ENTRIES PROVIDED

☆ ☆ ☆

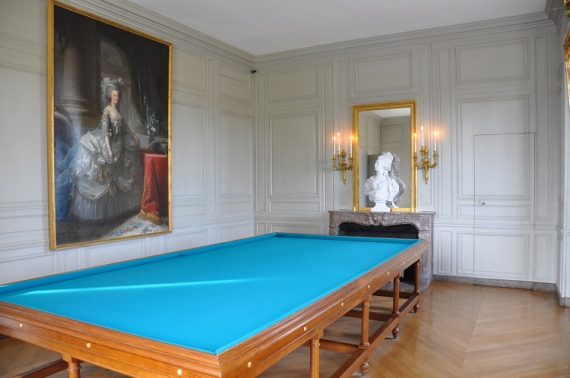 Salle de billard au rez-de-chaussée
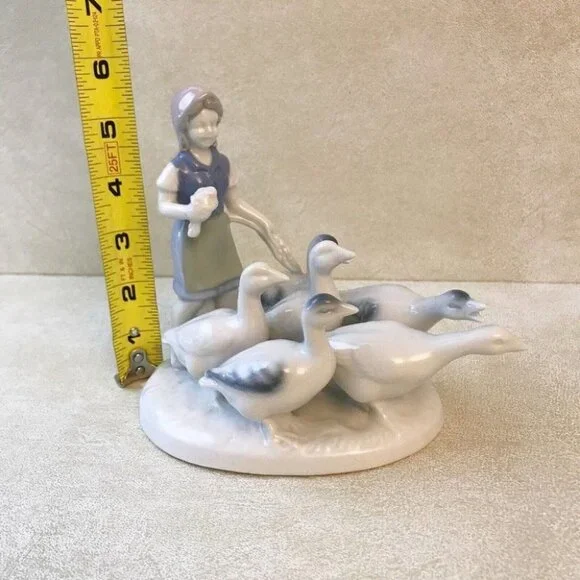 Gerold Porzellan Bavaria Western Germany Figurine Girl Geese Ducks collectors - Picture 7 of 12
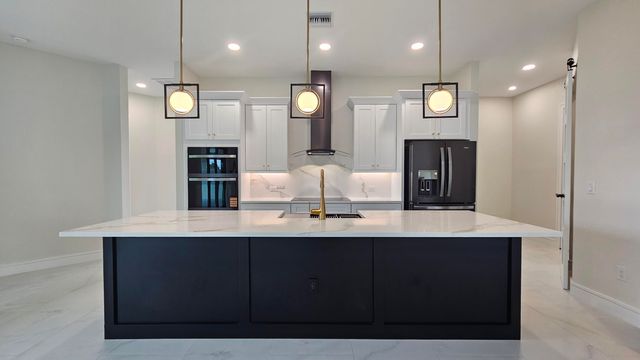 3410 NW 39th Lane, Cape Coral, FL 33993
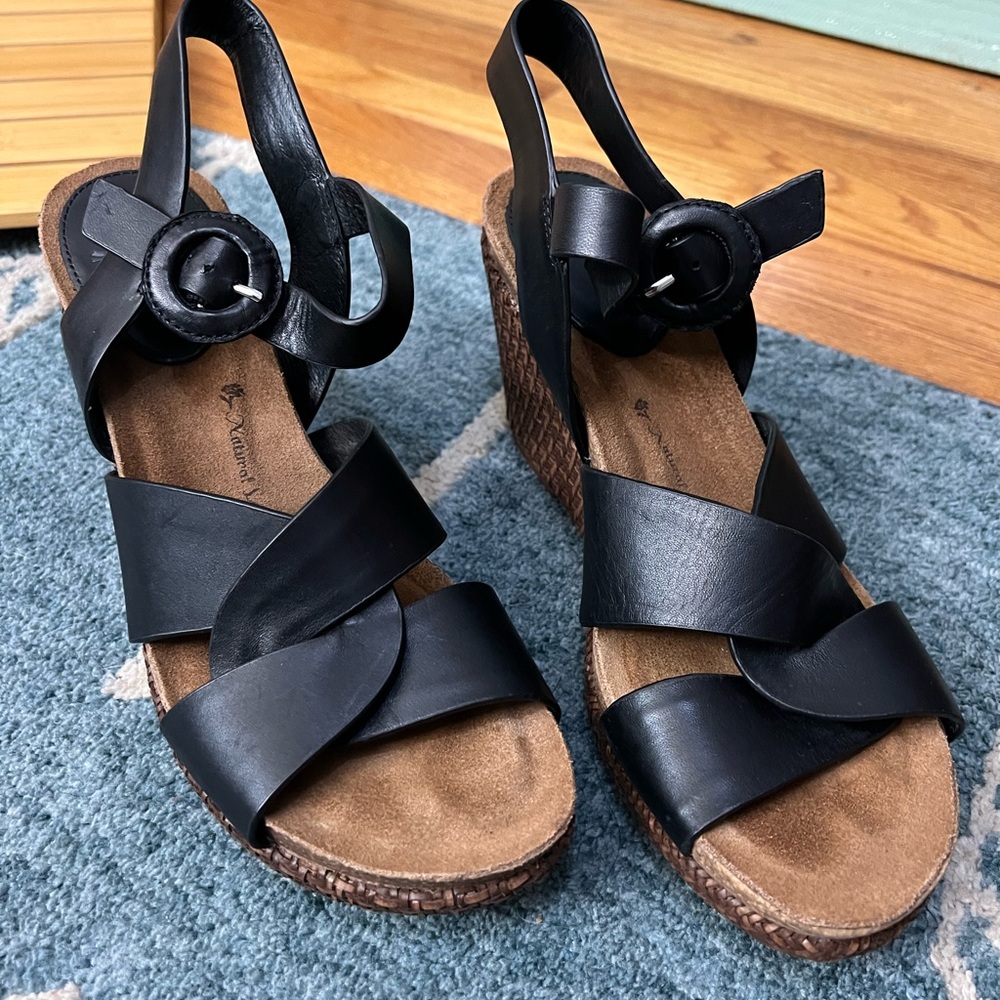 Sofft Black Wedge Sandals 9.5 leather lining
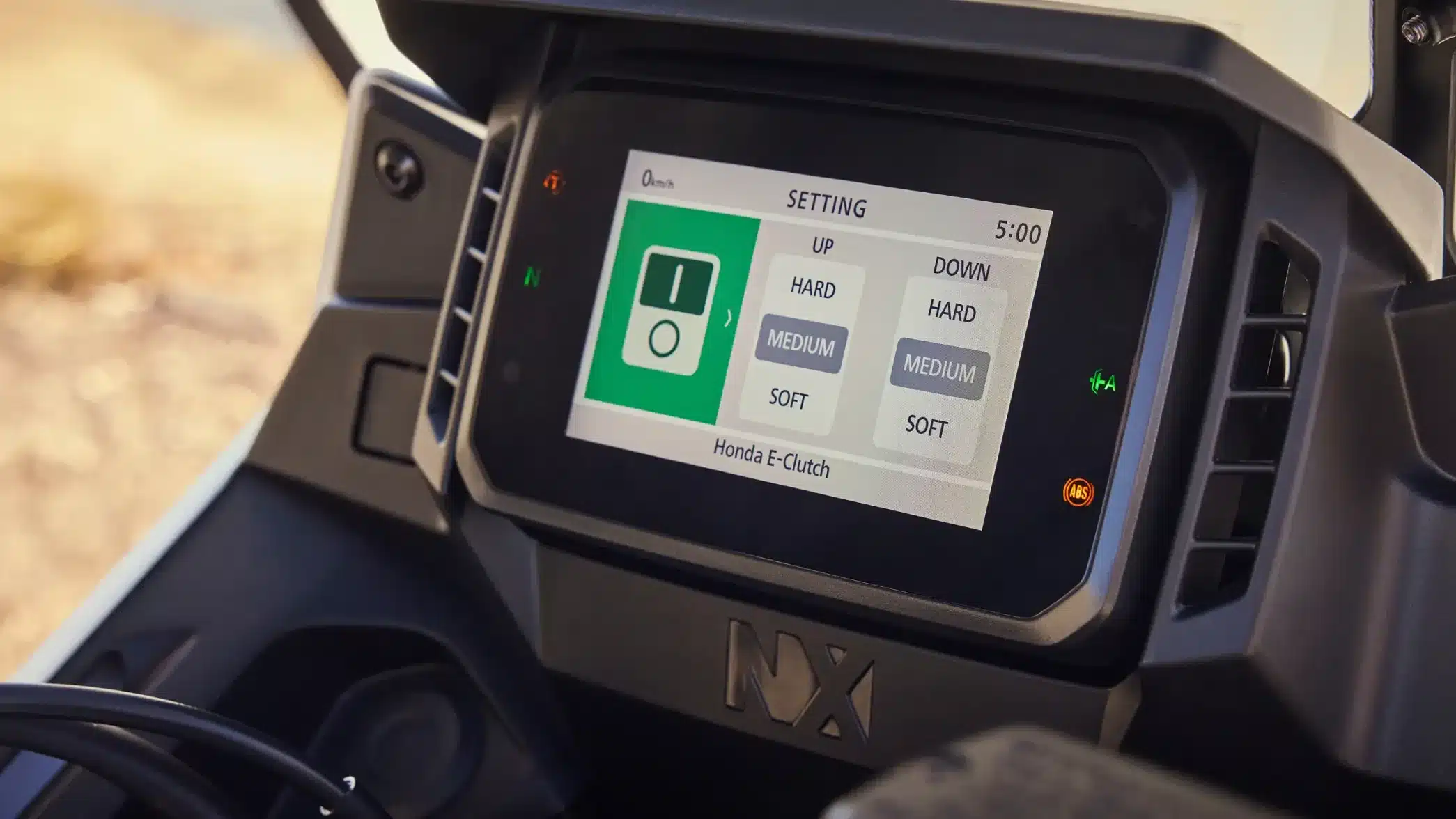 Nahaufnahme des TFT-Displays der Honda NX500 mit angezeigten E-Clutch-Optionen.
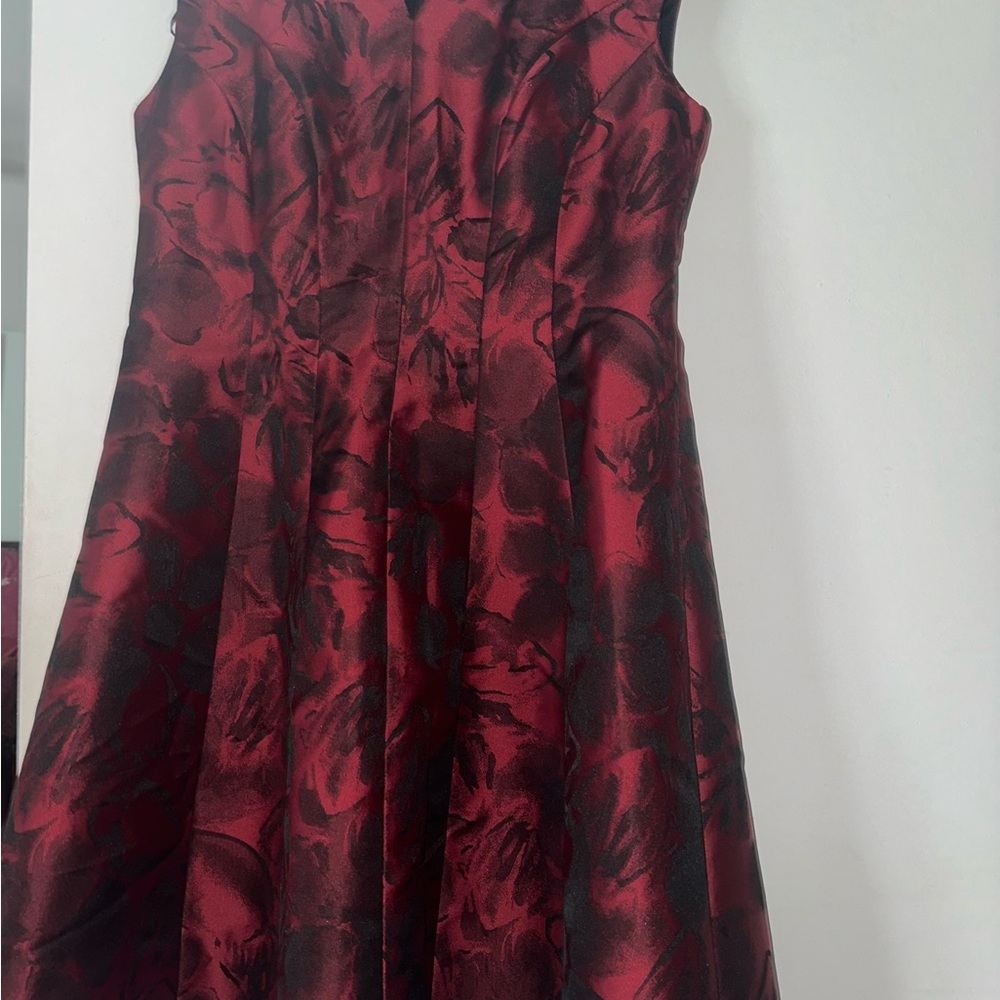 Elegant Red and Black Floral Dress Studio One New York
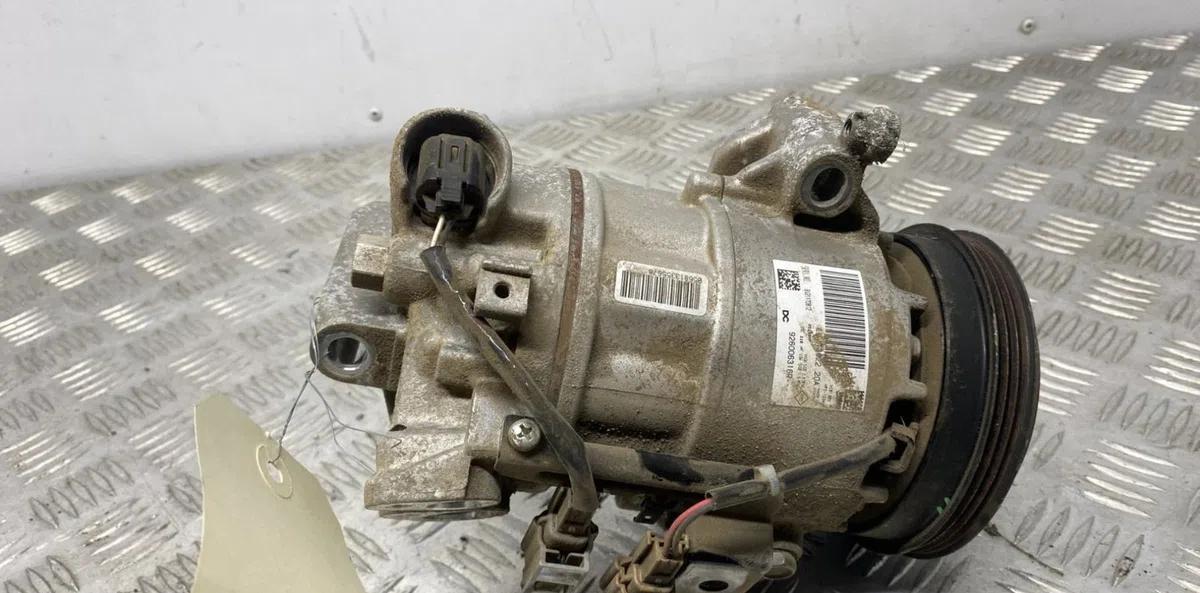 Compresseur air conditionne RENAULT TWINGO 3 PHASE 1 occasion — photo 2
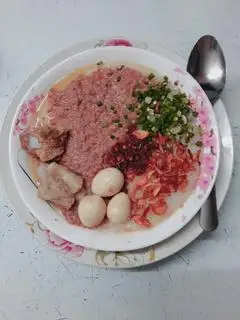 Cháo sườn bằm trứng cút rim - Tặng Quẩy  - 45.000 ₫ tại Cháo Sườn Ngọc Bích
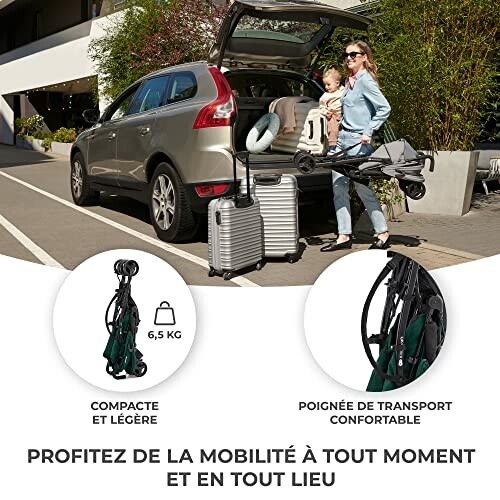 Famille chargeant une voiture avec une poussette et une valise.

☆ ☆ ☆

EXERCISE GOAL
Your answer must be an exact transcription of the records above, minus the pictures.

EXERCISE SOLUTION
 Salle de billard au rez-de-chaussée
 Gerold Porzellan Bavaria Western Germany Figurine Girl Geese Ducks collectors - Picture 7 of 12
 3410 NW 39th Lane, Cape Coral, FL 33993
 Sofft Black Wedge Sandals 9.5 leather lining
 Nahaufnahme des TFT-Displays der Honda NX500 mit angezeigten E-Clutch-Optionen.
 Elegant Red and Black Floral Dress Studio One New York
 Compresseur air conditionne RENAULT TWINGO 3 PHASE 1 occasion — photo 2
 Cháo sườn bằm trứng cút rim - Tặng Quẩy  - 45.000 ₫ tại Cháo Sườn Ngọc Bích
 Famille chargeant une voiture avec une poussette et une valise.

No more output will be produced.